▶ **What needs to be done**:
Every line from the top of the records through the one bearing "Process understanding is" is to be reproduced exactly, and pictures are to be left out.

Top of Task input

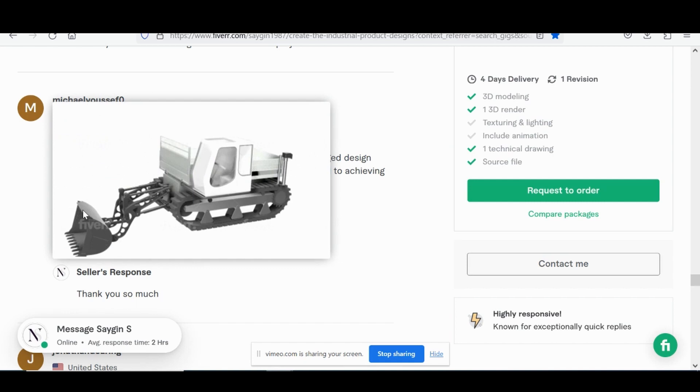This client from Australia brought the concept to reality through prolonged design process. This was for a highly complex excavator type, big assembly involving a lot of mechanical design, obviously, great rendering, very, very tough project.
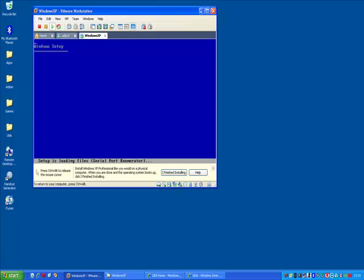So that takes us to the end of my third out of three videos on how to configure the UDA appliance. Thanks very much for watching.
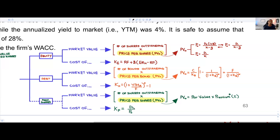That's how you solve for the cost of debt. We're going to do this together for two exam-like questions so you'll have plenty of exposure. Now let's move to the last category: preferred shares. A quick caveat — preferred shares aren't always included, but the most extensive question will include them, and I want you to be prepared.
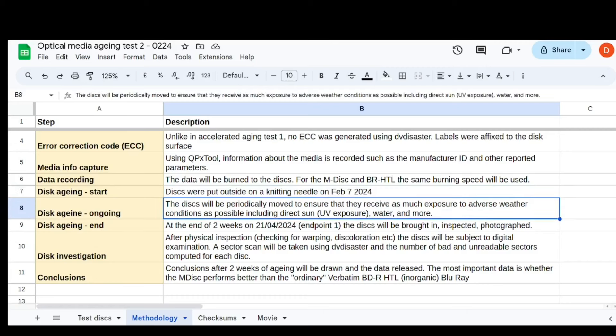So then these guys are going to be outside for two weeks. I might move them around a little bit just to change the order of the discs, try and make sure they're all getting some of all the things we're trying not to get on our CDs in the usual course of things, stuff like direct sun exposure, which is UV, water, freezing, everything. And I'm doing this deliberately in the winter for that reason.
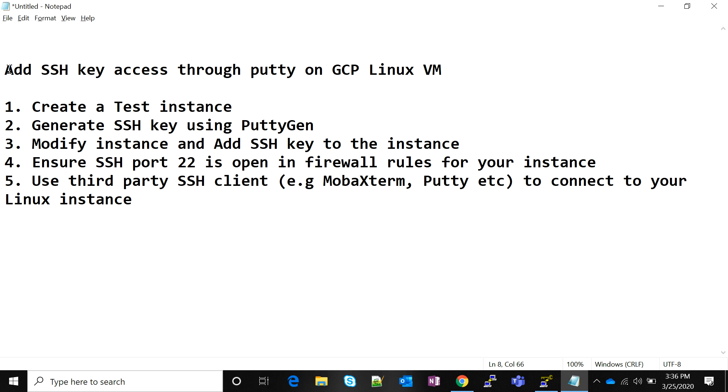Hello friends, today's session is on how to add your own SSH key to a Google Cloud Platform Linux virtual machine. These are the high-level steps we're going to follow: first, we'll create our own test instance, then we'll create our own SSH key using PuttyGen.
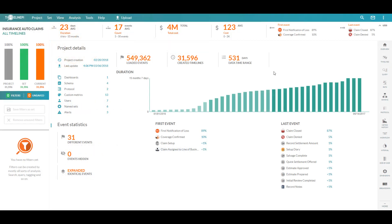Process understanding is the first element necessary in beginning to determine how and where to optimize operations. The process we're tracking here is an insurance claims workflow, specifically in the property and casualty space.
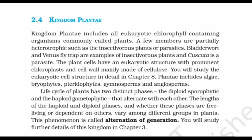Plantae includes algae, bryophytes, pteridophytes, gymnosperms, and angiosperms. The life cycle of plants has two distinct phases: the diploid sporophytic and the haploid gametophytic, that alternate with each other. The lengths of the haploid and diploid phases, and whether these phases are free-living or dependent on others, vary among different groups of plants. This phenomenon is called alternation of generations. Further details of this kingdom will be studied in Chapter 3.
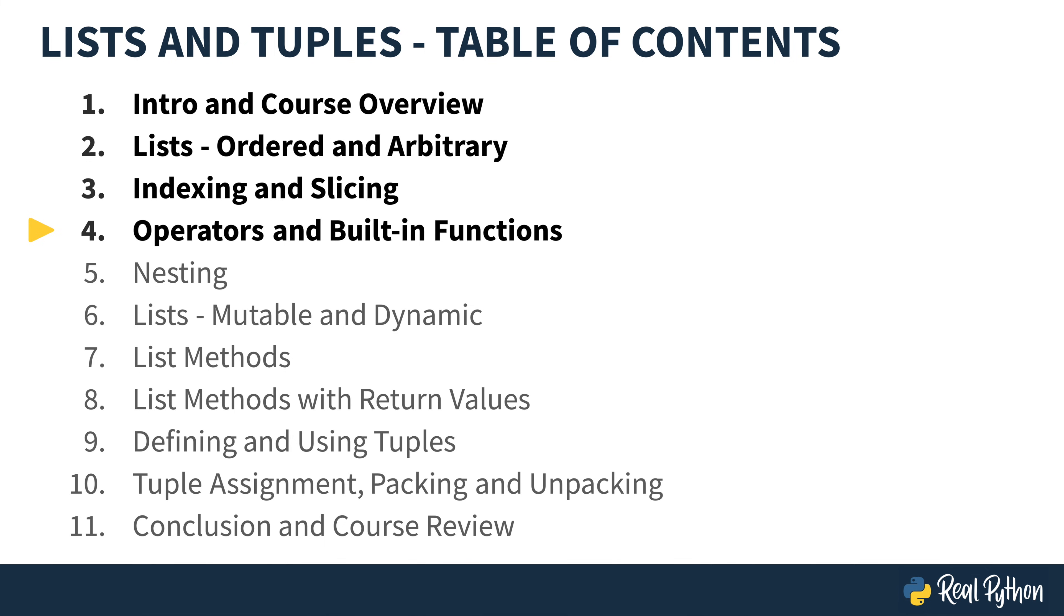Next, you're going to practice using operators and some of Python's built-in functions on your list.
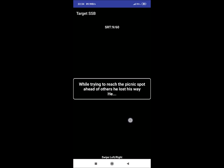SRT 9: While trying to reach the picnic spot ahead of others, he lost his way. He. A reaction could be: he will use Google map to reach the destination. Or he could ask local person for the way. Or simply, he will go back to his path till he finds his friends.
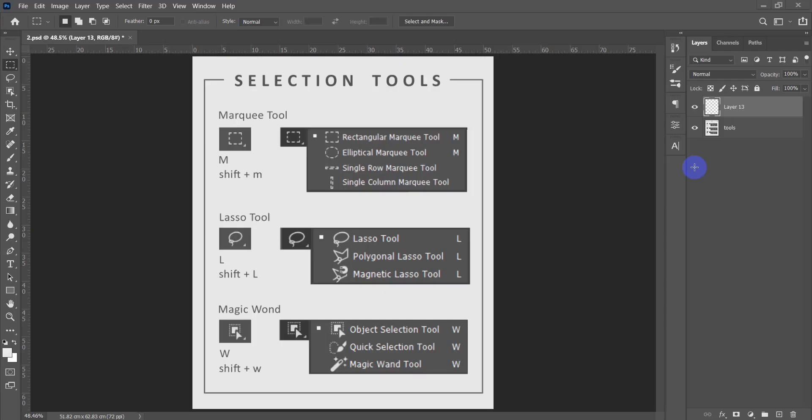Hello everyone and welcome back to our second lesson in Photoshop. In this lesson we will be talking about selection tools and we will be learning how to select each object.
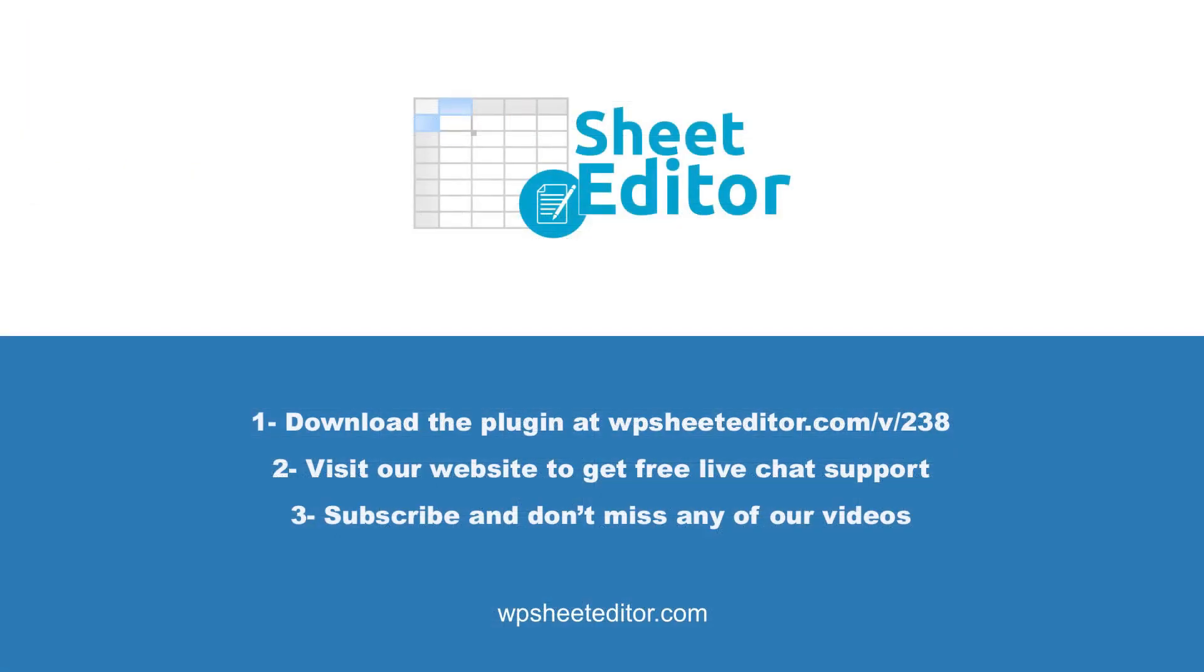Remember that you'll find a link to the written guide, and the link to download the plugin in the description of the video. We have live chat support on our website. Subscribe to our YouTube channel to find more video tutorials.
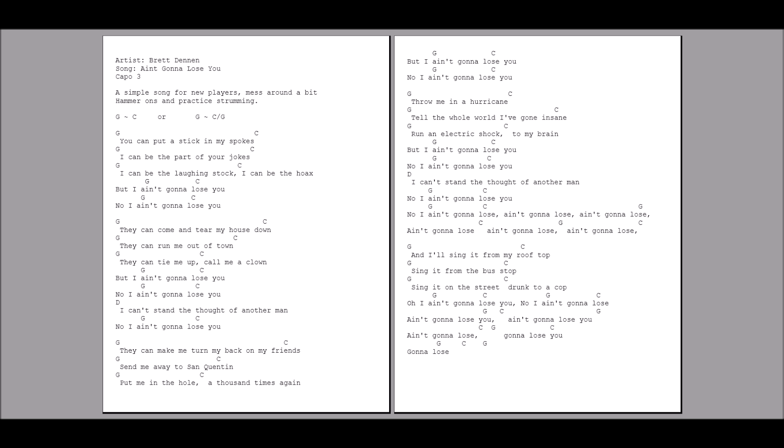They can come and tear my house down. They can run me out of town. They can tie me up, call me a clown. But I ain't gonna lose you. No, I ain't gonna lose you.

Bottom of Task input

▶ **Result**:
This client from Australia brought the concept to reality through prolonged design process. This was for a highly complex excavator type, big assembly involving a lot of mechanical design, obviously, great rendering, very, very tough project.
So that takes us to the end of my third out of three videos on how to configure the UDA appliance. Thanks very much for watching.
That's how you solve for the cost of debt. We're going to do this together for two exam-like questions so you'll have plenty of exposure. Now let's move to the last category: preferred shares. A quick caveat — preferred shares aren't always included, but the most extensive question will include them, and I want you to be prepared.
So then these guys are going to be outside for two weeks. I might move them around a little bit just to change the order of the discs, try and make sure they're all getting some of all the things we're trying not to get on our CDs in the usual course of things, stuff like direct sun exposure, which is UV, water, freezing, everything. And I'm doing this deliberately in the winter for that reason.
Hello friends, today's session is on how to add your own SSH key to a Google Cloud Platform Linux virtual machine. These are the high-level steps we're going to follow: first, we'll create our own test instance, then we'll create our own SSH key using PuttyGen.
Process understanding is the first element necessary in beginning to determine how and where to optimize operations. The process we're tracking here is an insurance claims workflow, specifically in the property and casualty space.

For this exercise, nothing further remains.